NICRA stands for Negotiated Indirect Cost Rate Agreement. It is a federal U.S. concept related to helping nonprofits document their indirect costs and how they are allocated. Indirect costs are crucial for organizations to understand because they help determine which programs are covering their costs and which are not, as it’s essential to know if additional resources are needed to cover shortfalls. Costs associated with running programs can vary depending on the geographic location.
In this Nonprofit Power Week episode, Hatsy Cutshall from Your Part-Time Controller (YPTC) talks about Negotiated Indirect Cost Rate Agreements, in the context of nonprofit organizations. Here are the key points you will want to pay attention to as you watch this valuable conversation:
It’s important to involve finance and accounting departments, and the Board, from the beginning, especially when applying for federal funding.

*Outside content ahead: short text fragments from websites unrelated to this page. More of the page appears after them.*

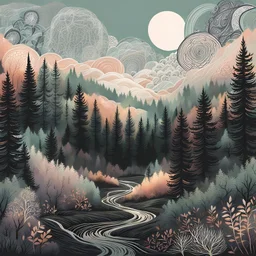 Intricate patterns on a forest landscape, sinister scribbles, pastel colors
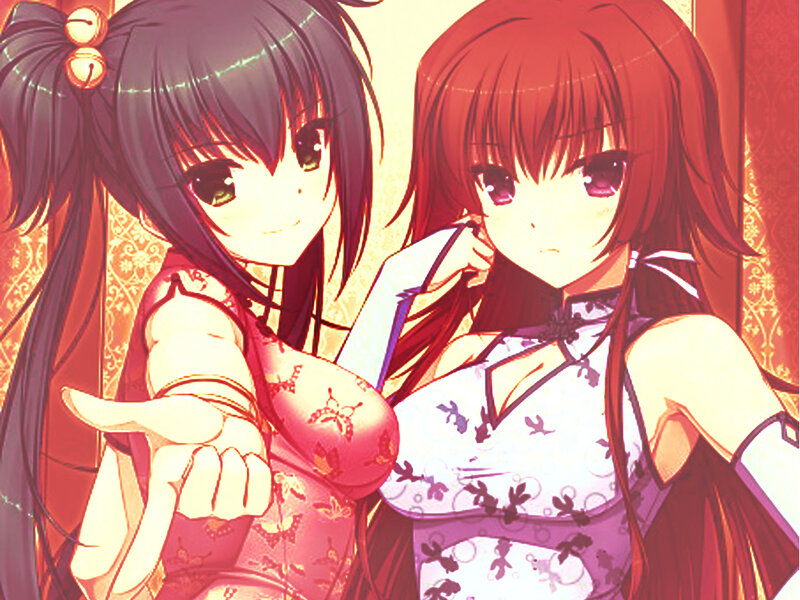 Two Anime Girls — Red, Warm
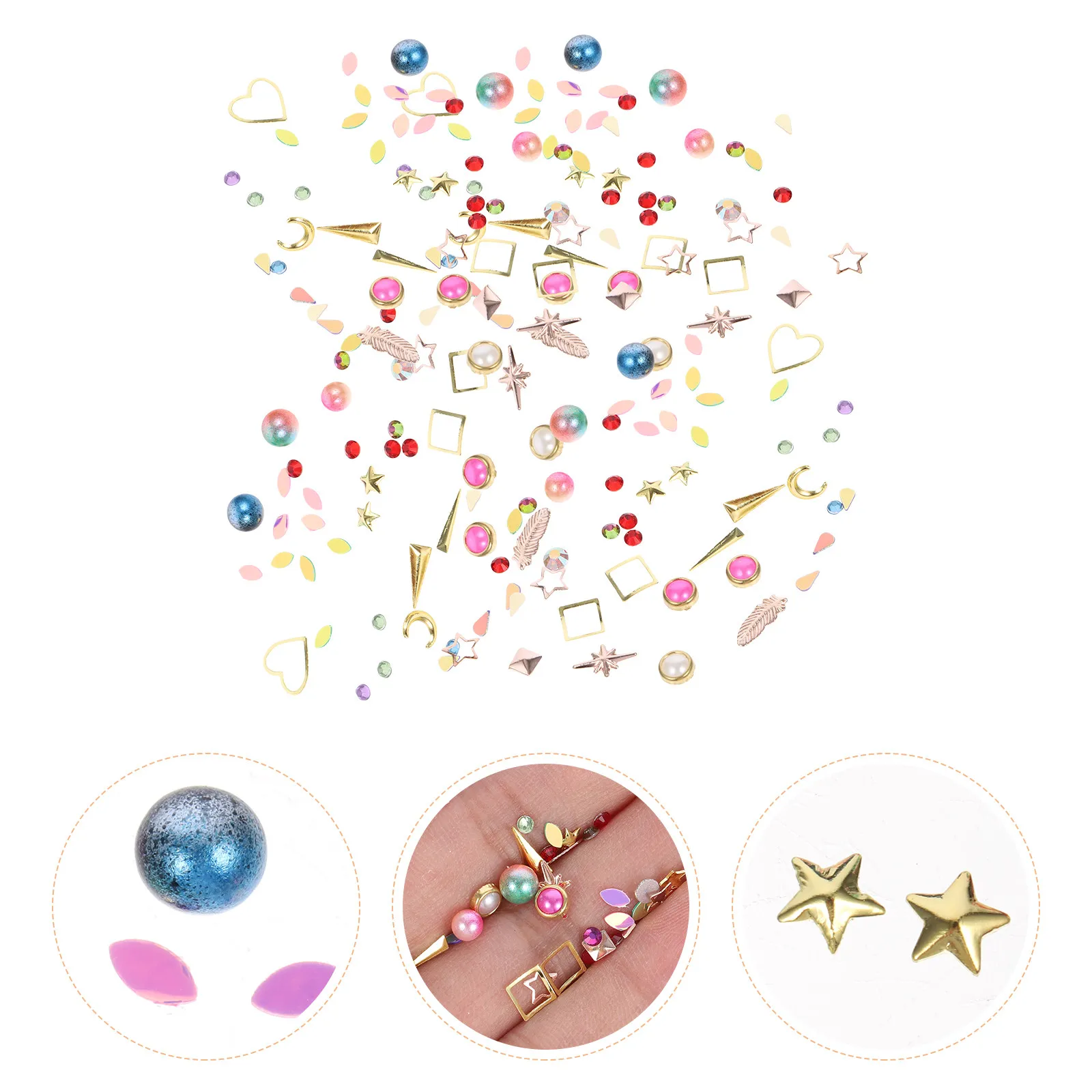 Pearl Nail Rhinestones Gems Studs Sequins Nail Art Supplies Charms Decorations DIY Craft Nails Sparkle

Often, departments within organizations fail to include indirect costs in their budgets, which can lead to financial challenges later.
You can negotiate with government agencies when it comes to indirect cost rates. Agencies have program officers or grants officers who are willing to help and answer questions. They prefer organizations to reach out directly for clarification rather than making incorrect assumptions.

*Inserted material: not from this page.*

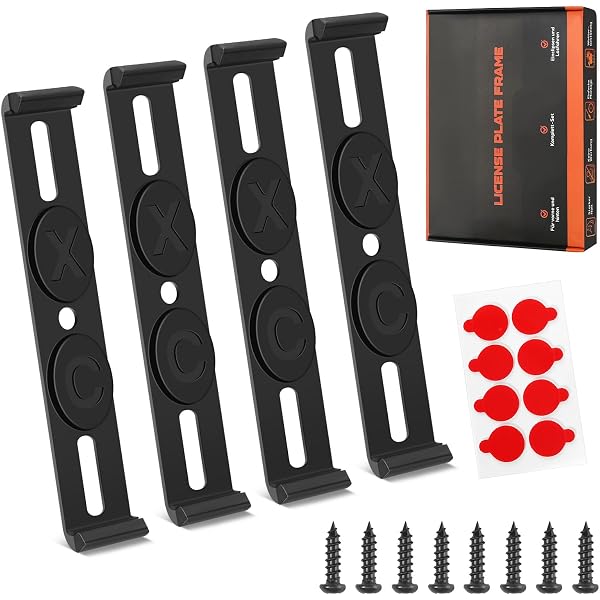 2 Paia Portatarga Senza Telaio Autoadesivi - Supporti Per Targhe Auto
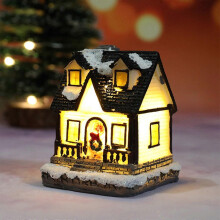 Christmas Resin House LED Warm Light Micro Landscape Gift Home Desktop Holiday Decor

Building relationships with agency representatives is crucial. Start developing a rapport with them as soon as you receive funding, as these relationships can make the negotiation process smoother.
NICRA is not a one-time effort. Organizations must regularly review and update their rates to ensure they reflect their current financial situations and program needs, and this conversation emphasizes the value of open communication with agency representatives and the benefits of building relationships throughout the nonprofit sector.